TJMG 5002730-29.2025.8.13.0148
CIVILEMENTA: APELAÇÃO CRIMINAL - TRÁFICO DE DROGAS - PORTE ILEGAL DE ARMA DE FOGO DE USO RESTRITO - PRELIMINAR - VIOLAÇÃO DE DOMICÍLIO E NULIDADE DAS BUSCAS - REJEIÇÃO - ILEGALIDADE DE ACESSO A REDE SOCIAL DO RÉU - INOCORRÊNCIA -- PRETENSÃO ABSOLUTÓRIA - NÃO ACOLHIMENTO - CAUSA DE DIMINUIÇÃO DE PENA PREVISTA NO ART. 33, § 4º, DA LEI DE DROGAS - REQUISITOS LEGAIS NÃO PREENCHIDOS - ABSORÇÃO DO CRIME DE PORTE DE ARMA PELA MAJORANTE PREVISTA NO ART. 40, IV, DA LEI Nº 11.343/06 - IMPOSSIBILIDADE - AUSÊNCIA DE COMPROVAÇÃO DE QUE A ARMA DE FOGO ERA UTILIZADA NA PRÁTICA DO DELITO DE TRÁFICO DE DROGAS.
- É lícita a prova obtida por policiais que ingressam em domicílio diante de flagrante delito e fundada suspeita, amparados pela exceção constitucional e autorização de morador.
- Não há violação ao direito à intimidade quando imagens são extraídas de perfil público de redes sociais e incorporadas à investigação.
- Presentes nos autos provas suficientes da finalidade mercantil, é imperiosa a manutenção da condenação do acusado pelo delito previsto no art. 33 da Lei nº 11.343/2006.
- O depoimento dos policiais possui grande relevância para a prova do tráfico de drogas, não podendo sua credibilidade ser esvaziada unicamente em razão da função exercida, salvo na presença de indícios concretos aptos a desaboná-los.

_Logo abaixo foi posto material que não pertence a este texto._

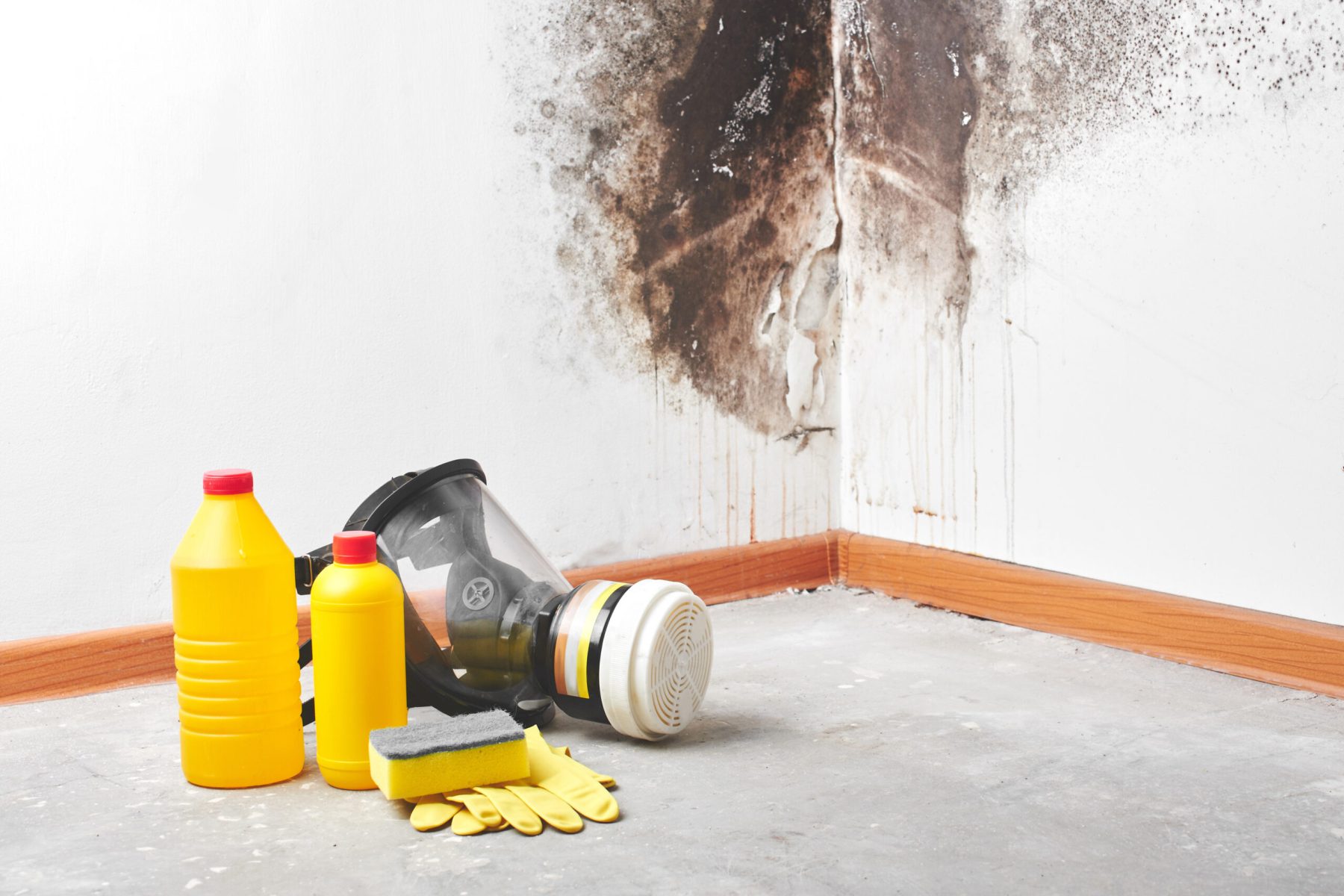 mold testing and inspection 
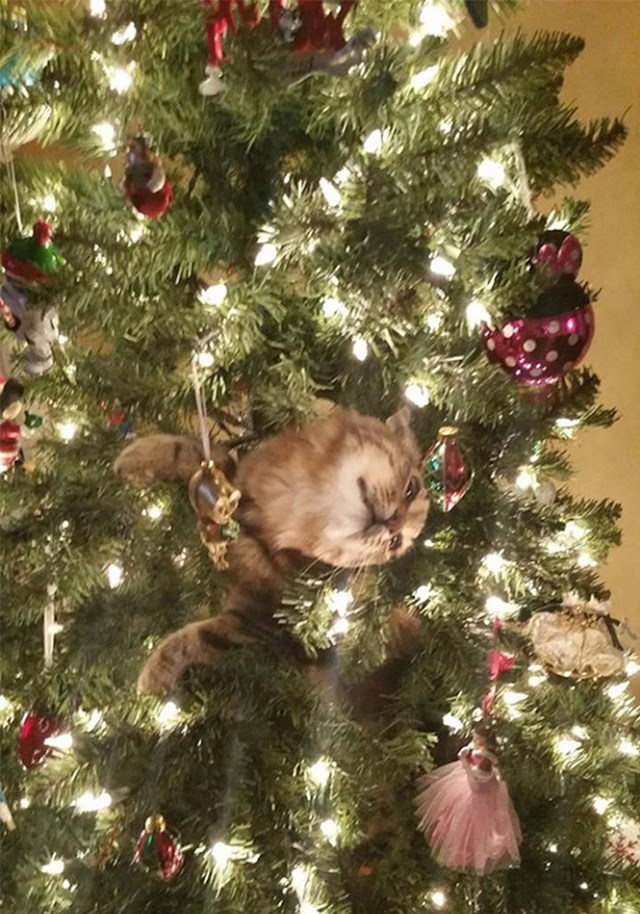 13.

- Não faz jus à aplicação da minorante prevista no art. 33, § 4º, da Lei nº 11.343/2006 o réu que se dedica a atividades criminosas, flagrado na posse de quantidade exorbitante de drogas de natureza altamente nociva.
- É inviável a incidência da majorante do art. 40, IV, da Lei nº 11.343/2006 se não há prova do uso da arma no tráfico como meio de intimidação difusa ou coletiva.